(DATA PROVIDED Opens)
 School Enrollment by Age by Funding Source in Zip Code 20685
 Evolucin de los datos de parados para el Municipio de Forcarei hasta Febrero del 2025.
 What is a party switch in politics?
(DATA PROVIDED Closes)
(DATA PROVIDED Opens)
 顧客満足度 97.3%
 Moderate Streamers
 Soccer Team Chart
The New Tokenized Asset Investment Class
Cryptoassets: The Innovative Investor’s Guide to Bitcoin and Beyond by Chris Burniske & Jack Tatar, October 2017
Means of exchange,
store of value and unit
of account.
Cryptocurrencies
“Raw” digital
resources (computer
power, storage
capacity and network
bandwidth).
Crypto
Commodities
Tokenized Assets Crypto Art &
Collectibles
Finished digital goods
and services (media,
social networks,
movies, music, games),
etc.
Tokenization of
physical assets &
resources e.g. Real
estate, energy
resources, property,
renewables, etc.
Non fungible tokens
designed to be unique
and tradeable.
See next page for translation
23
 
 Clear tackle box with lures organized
(DATA PROVIDED Closes)
• _REQUIRED WORK_
Scan the lines above for "physical assets &" and for "Clear tackle box with lures organized". Repeat exactly the line holding each of them and every line in between.

• _ANSWER TO THE EXERCISE_
physical assets &
resources e.g. Real
estate, energy
resources, property,
renewables, etc.
Non fungible tokens
designed to be unique
and tradeable.
See next page for translation
23
 
 Clear tackle box with lures organized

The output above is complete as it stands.